The event will also be highlighting survivor Klara Litman, who is almost 2 years old, with her mother Kaylee who will be speaking. Klara has had multiple heart surgeries with the earliest being when she was six days old. She had a hole in her heart (ASD) and doctors determined her aortic arch was too narrow and needed extra support to keep it widened before surgery. During this surgery, the surgeon widened her arch and closed the ASD. After the surgery was completed, Klara’s chest remained open and she had a breathing tube, chest tubes and an EEG. She also had two small seizures post-surgery which were contained by seizure medication.
Klara had the breathing tube removed and eventually was put on high flow oxygen. She had trouble breathing and it was found that her valves were severely leaking which was causing poor blood flow which in turn had an effect on her breathing. She had to have the breathing tube put back in and have an additional surgery. She had to have special dietary needs met in order to gain weight. Klara was discharged from WVU Medicine Children’s Hospital on Sept. 27, 2024, after being there for 72 days.
During the walk, people can walk as much as they want.
“There is no cost for the event. It is a free event,” said Amanda Sosebee, Development Director with the American Heart Association West Virginia. “It is a family-friendly event.”
There will be activities for families and kids, including face painting, a pup parade and more.

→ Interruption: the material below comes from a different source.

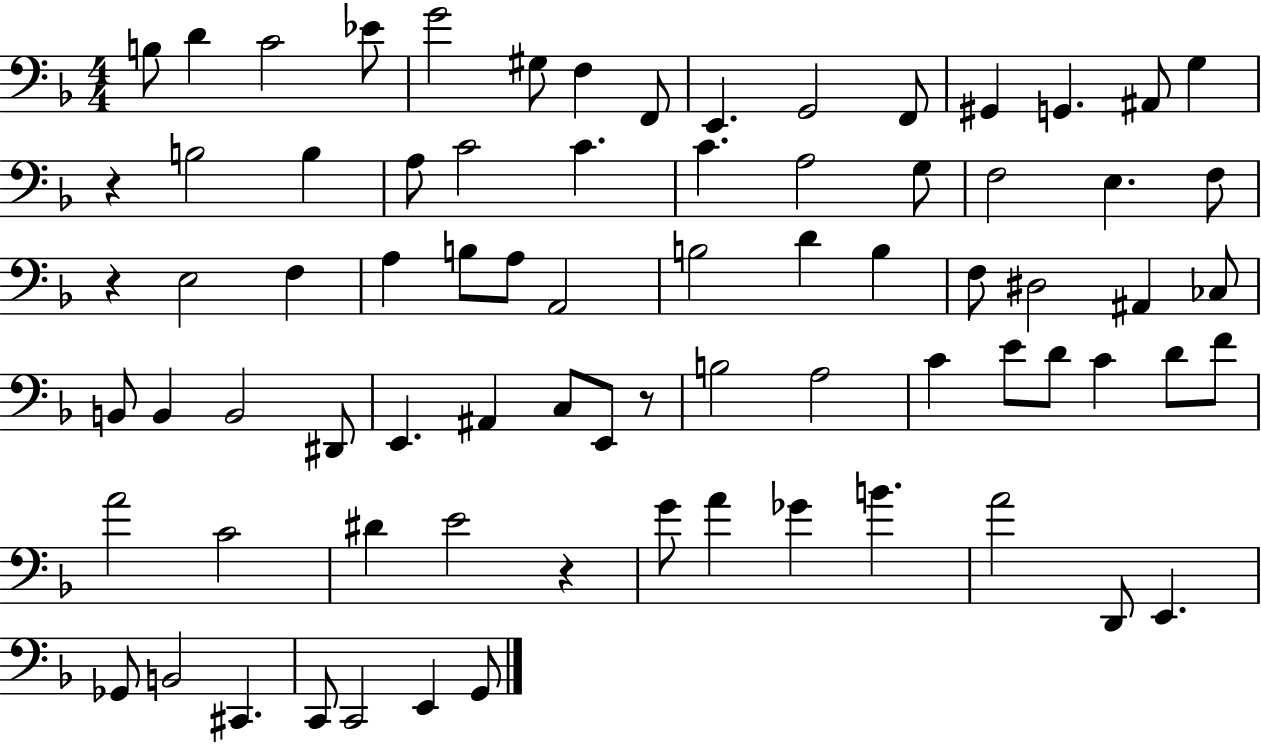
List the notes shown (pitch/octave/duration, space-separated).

B3/e D4/q C4/h Eb4/e G4/h G#3/e F3/q F2/e E2/q. G2/h F2/e G#2/q G2/q. A#2/e G3/q R/q B3/h B3/q A3/e C4/h C4/q. C4/q. A3/h G3/e F3/h E3/q. F3/e R/q E3/h F3/q A3/q B3/e A3/e A2/h B3/h D4/q B3/q F3/e D#3/h A#2/q CES3/e B2/e B2/q B2/h D#2/e E2/q. A#2/q C3/e E2/e R/e B3/h A3/h C4/q E4/e D4/e C4/q D4/e F4/e A4/h C4/h D#4/q E4/h R/q G4/e A4/q Gb4/q B4/q. A4/h D2/e E2/q. Gb2/e B2/h C#2/q. C2/e C2/h E2/q G2/e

Sosebee said pets are welcome and people are encouraged to bring their dogs to walk around the park.
“It is expected to be a nice evening so that is expected to bring people out,” said Kevin Pauley, American Heart Association Marketing Communications Director for West Virginia & Blue Ridge, Virginia. “We see good attendance when we have nice weather.”
One lap around the park is around one mile.
“People are encouraged to walk as many laps as they would like to walk,” Sosebee said. “It is a non-competitive walk.
“It is whatever they feel like they can do. We are just encouraging people to get out and walk.”